**WORK REQUIRED**
Your copy of the data should leave out the images and match everything else exactly.

**RAW DATA**
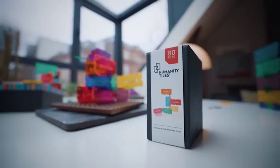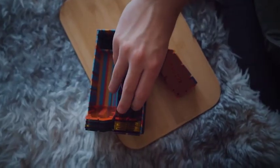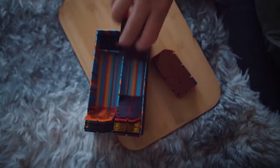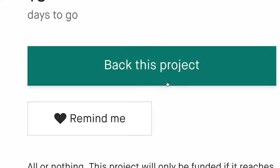The Humanity Tiles box comes with a set of instructions, but you can really use them in any way you want. If you are ready to visualize your mind and build your life in the way you really want, this tool is for you.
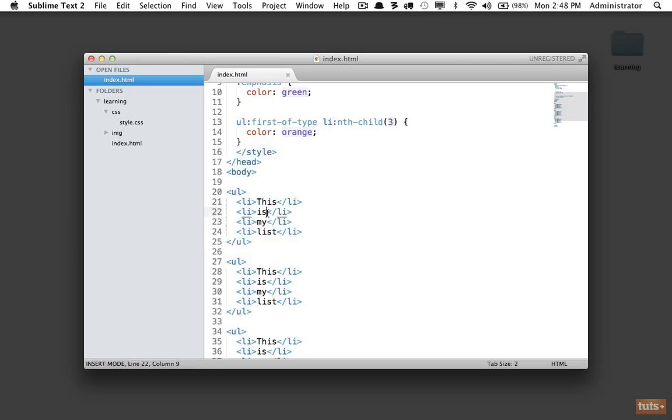Okay, so in this lesson you've learned a little bit about pseudo classes and more importantly you've learned how to use ids and classes to target elements on the page.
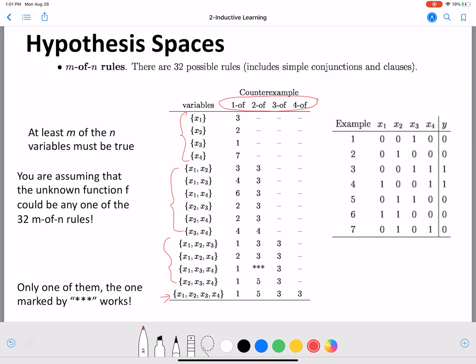So how do you read m-of-n rules? For example, 'one of x1 is true' means x1 must be true for y to be true. For each of these rules, we try to look at the data and find any counter examples that make the rule invalid. We can see that there is only one of these rules that actually works for all data instances.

**ANSWER TO THE PROBLEM**
The Humanity Tiles box comes with a set of instructions, but you can really use them in any way you want. If you are ready to visualize your mind and build your life in the way you really want, this tool is for you.
Okay, so in this lesson you've learned a little bit about pseudo classes and more importantly you've learned how to use ids and classes to target elements on the page.
So how do you read m-of-n rules? For example, 'one of x1 is true' means x1 must be true for y to be true. For each of these rules, we try to look at the data and find any counter examples that make the rule invalid. We can see that there is only one of these rules that actually works for all data instances.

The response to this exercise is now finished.